His political positions and personal life are even less coordinated than he is.

In the former Soviet Union, which is a workable model for forecasting where the United States is headed, there were de facto two sets of rules: one set for the proletariat and another for the Politburo. Nothing exceptional about that, of course, as the political class always enjoys privileges which the masses do not — it’s been that way since, well, the inception of government. The Romans even had an adage to describe this inequality before the law: quod licet jovi non licet bovi (What is permitted for the gods is not permitted for the cattle). Lovely, huh?

Well, in the Land of the Free, Home of the Brave, it’s worth noting that there are still jovi and bovi as evinced in today’s news that Senator John Kerry docks his new yacht in Rhode Island in order to avoid the colossal tax bill he’d have to pay in Massachusetts. From the article:

Sen. John Kerry, who has repeatedly voted to raise taxes while in Congress, dodged a whopping six-figure state tax bill on his new multimillion-dollar yacht by mooring her in Newport, R.I. Isabel – Kerry’s luxe, 76-foot New Zealand-built Friendship sloop with an Edwardian-style, glossy varnished teak interior, two VIP main cabins and a pilothouse fitted with a wet bar and cold wine storage – was designed by Rhode Island boat designer Ted Fontaine.

But instead of berthing the vessel in Nantucket, where the senator summers with the missus, Teresa Heinz, Isabel’s hailing port is listed as “Newport” on her stern. Could the reason be that the Ocean State repealed its Boat Sales and Use Tax back in 1993, making the tiny state to the south a haven – like the Cayman Islands, Bermuda and Nassau – for tax-skirting luxury yacht owners? Cash-strapped Massachusetts still collects a 6.25 percent sales tax and an annual excise tax on yachts. Sources say Isabel sold for something in the neighborhood of $7 million, meaning Kerry saved approximately $437,500 in sales tax and an annual excise tax of about $70,000.

The senior senator’s chief of staff David Wade denied the old salt was berthing his boat out of state to avoid ponying up to the commonwealth. “The boat was designed by and purchased from a company in Rhode Island, and it’s based in Newport at the Newport Shipyard for long-term maintenance, upkeep and charter purposes, not tax reasons,” Wade told the Track. And state Department of Revenue spokesguy Bob Bliss confirmed the senator “is under no obligation to pay the commonwealth sales tax.”

Well, since he’s not docking the yacht in Rhode Island to avoid the taxes, why doesn’t he go ahead and pay Massachusetts what he’d have to if he were docking it there? David Wade is 12 times more likely to drown in his bowl of Cheerios at breakfast tomorrow than Kerry is of paying Mass. for that yacht.

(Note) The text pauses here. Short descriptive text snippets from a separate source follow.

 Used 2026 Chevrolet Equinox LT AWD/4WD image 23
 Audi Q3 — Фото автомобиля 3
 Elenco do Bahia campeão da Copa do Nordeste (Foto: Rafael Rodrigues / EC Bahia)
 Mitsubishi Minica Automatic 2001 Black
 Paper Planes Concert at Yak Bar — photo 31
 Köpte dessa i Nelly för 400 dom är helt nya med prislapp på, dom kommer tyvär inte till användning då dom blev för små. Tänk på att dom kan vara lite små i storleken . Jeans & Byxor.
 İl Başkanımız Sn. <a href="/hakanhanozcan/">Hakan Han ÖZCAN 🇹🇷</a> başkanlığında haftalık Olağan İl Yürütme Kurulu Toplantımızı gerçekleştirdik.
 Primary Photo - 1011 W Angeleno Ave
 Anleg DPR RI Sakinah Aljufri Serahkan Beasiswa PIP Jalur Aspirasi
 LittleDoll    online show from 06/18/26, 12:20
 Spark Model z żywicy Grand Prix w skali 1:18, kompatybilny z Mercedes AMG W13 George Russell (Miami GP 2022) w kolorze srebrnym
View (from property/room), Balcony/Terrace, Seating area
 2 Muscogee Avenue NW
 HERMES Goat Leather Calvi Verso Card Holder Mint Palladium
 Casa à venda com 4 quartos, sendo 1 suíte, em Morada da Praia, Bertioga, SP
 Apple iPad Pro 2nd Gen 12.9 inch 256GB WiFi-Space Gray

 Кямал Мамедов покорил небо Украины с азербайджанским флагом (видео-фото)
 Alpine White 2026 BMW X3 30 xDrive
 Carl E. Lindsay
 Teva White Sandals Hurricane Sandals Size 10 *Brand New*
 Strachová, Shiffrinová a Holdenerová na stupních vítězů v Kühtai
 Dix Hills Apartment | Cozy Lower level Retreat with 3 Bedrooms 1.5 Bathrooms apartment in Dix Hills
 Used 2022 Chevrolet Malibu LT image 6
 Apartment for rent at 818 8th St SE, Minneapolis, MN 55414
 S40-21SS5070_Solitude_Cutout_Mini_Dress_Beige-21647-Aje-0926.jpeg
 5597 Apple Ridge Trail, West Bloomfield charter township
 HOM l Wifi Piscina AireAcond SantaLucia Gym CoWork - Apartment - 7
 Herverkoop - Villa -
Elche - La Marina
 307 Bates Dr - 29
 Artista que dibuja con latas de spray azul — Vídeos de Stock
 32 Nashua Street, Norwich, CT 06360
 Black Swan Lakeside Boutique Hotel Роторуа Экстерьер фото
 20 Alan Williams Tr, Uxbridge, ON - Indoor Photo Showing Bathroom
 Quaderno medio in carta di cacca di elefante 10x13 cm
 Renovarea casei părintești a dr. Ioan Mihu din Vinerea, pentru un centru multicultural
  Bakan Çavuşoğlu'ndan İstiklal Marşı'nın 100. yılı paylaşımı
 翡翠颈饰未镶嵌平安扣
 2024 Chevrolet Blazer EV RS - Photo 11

Which brings us back to the double standard which is omnipresent with these guys. Public schools are good enough for your kids, but their kids attend the finest private schools in the country. You can get by using a small, energy efficient house with minimal air conditioning, but they’re gonna go ahead and own 3 or 4 or 5 energy-guzzling mansions. Feel free to get yourself a Smart Car or avail yourself of “public transportation”, but they’re gonna fly around in private jets or sail their massive yachts. Do you live in an exclusive, gated neighborhood or compound with private security? They do — and they have servants’ quarters, too. And most importantly, you pay the oppressive tax rates they burden you with, but they always find a loophole for themselves, like the yacht fiasco cited here or the Kennedy family trusts. Typical plutocrat behavior. Quod licet jovi non livet bovi.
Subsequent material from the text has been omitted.